Agassiz's studies of living fishes led him naturally into a study of fossil fishes, which was further spurred by a meeting with Georges Cuvier in 1831. In 1832 he was appointed professor of natural history at the University of Neuchâtel, and it was there that he completed his monumental Recherches sur les poissons fossiles (Research on Fossil Fish), which was published in six volumes between 1833 and 1843. Magnificently illustrated, the work contained almost everything then known about fossil fishes. In it, Agassiz divided the fishes into four groups -- Ganoids, Placoids, Cycloids, and Ctenoids -- based on the nature of their scales and other dermal appendages. In 1836, the Geological Society of London awarded its Wollaston Medal to Agassiz in recognition for his work in fossil ichthyology. In 1838, he was elected a foreign member of the Royal Society.
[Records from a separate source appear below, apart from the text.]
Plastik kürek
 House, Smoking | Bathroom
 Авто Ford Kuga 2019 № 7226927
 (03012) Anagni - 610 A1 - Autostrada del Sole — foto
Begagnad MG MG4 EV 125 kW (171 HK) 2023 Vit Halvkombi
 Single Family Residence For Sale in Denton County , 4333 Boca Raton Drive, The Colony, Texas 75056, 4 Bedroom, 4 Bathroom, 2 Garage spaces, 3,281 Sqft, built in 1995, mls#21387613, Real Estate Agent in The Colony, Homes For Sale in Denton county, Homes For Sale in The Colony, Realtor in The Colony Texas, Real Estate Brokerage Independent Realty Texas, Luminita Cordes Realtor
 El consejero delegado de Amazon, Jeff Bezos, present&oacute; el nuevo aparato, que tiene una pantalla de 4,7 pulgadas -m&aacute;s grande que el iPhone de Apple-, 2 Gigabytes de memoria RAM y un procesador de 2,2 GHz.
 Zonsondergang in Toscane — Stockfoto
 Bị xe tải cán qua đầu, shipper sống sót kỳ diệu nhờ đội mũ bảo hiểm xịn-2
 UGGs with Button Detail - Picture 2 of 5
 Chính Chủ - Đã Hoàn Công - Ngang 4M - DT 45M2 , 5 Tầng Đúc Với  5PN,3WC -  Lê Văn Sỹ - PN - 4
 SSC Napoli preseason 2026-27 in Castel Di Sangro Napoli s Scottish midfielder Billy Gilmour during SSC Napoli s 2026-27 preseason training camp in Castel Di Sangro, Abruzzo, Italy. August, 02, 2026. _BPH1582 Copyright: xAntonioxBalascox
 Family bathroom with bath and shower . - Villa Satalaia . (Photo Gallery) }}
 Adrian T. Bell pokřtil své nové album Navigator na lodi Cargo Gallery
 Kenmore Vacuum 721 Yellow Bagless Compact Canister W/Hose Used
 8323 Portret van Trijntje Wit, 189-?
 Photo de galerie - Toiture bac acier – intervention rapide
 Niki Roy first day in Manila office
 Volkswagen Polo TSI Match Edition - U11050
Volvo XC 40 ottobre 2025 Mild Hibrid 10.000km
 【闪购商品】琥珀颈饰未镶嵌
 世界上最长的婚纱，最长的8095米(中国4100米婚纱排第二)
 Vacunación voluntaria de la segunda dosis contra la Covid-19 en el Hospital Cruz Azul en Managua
Agassiz also studied fossil invertebrates, and his Études critiques sur les mollusques fossiles (Critical Studies of Fossil Molluscs) was published between 1840 and 1845. His Nomenclator Zoologicus, an annotated list of all generic names used in zoological nomenclature since Linnaeus, was published between 1842 and 1846.

In addition to fossil fishes, Agassiz was also interested in ancient glaciers, especially the many geological features and traces they left as they retreated. In 1837, after having studied the geological "remains" of glaciers in the Swiss Alps, Agassiz presented his Études sur les glaciers (Studies on Glaciers) at the annual meeting of the Swiss Society of Natural Sciences. In it, Agassiz asserted that all of central Europe had once been buried beneath a massive sheet of ice, during what he called the Eiszeit (Ice Age); that period of geologic time is now called the Pleistocene Era. Agassiz was among the first scientists to determine that the prehistoric North American Lake Agassiz was created by glacial dams. In Système glaciare (1847), he insisted that glaciers were one of the major forces that shaped geology worldwide.

In 1846, Agassiz travelled to the United States to both study the natural history and geology of North America and deliver a series of lectures at the Lowell Institute at Boston. In 1848, he accepted a professorship in zoology and geology at Harvard University, and he spent the rest of his life there. The change of "scenery" provided Agassiz with a whole new realm of potential study, and the volume of his written work increased dramatically. Most of his writings from this time on dealt with the higher departments of scientific research and were not meant for the general public, with his four-volume Contributions to the Natural History of the United States (1857-1862) being a notable exception; A Journey to Brazil (1868), an account of his 1865 expedition to Brazil, was also fairly popular with the general public.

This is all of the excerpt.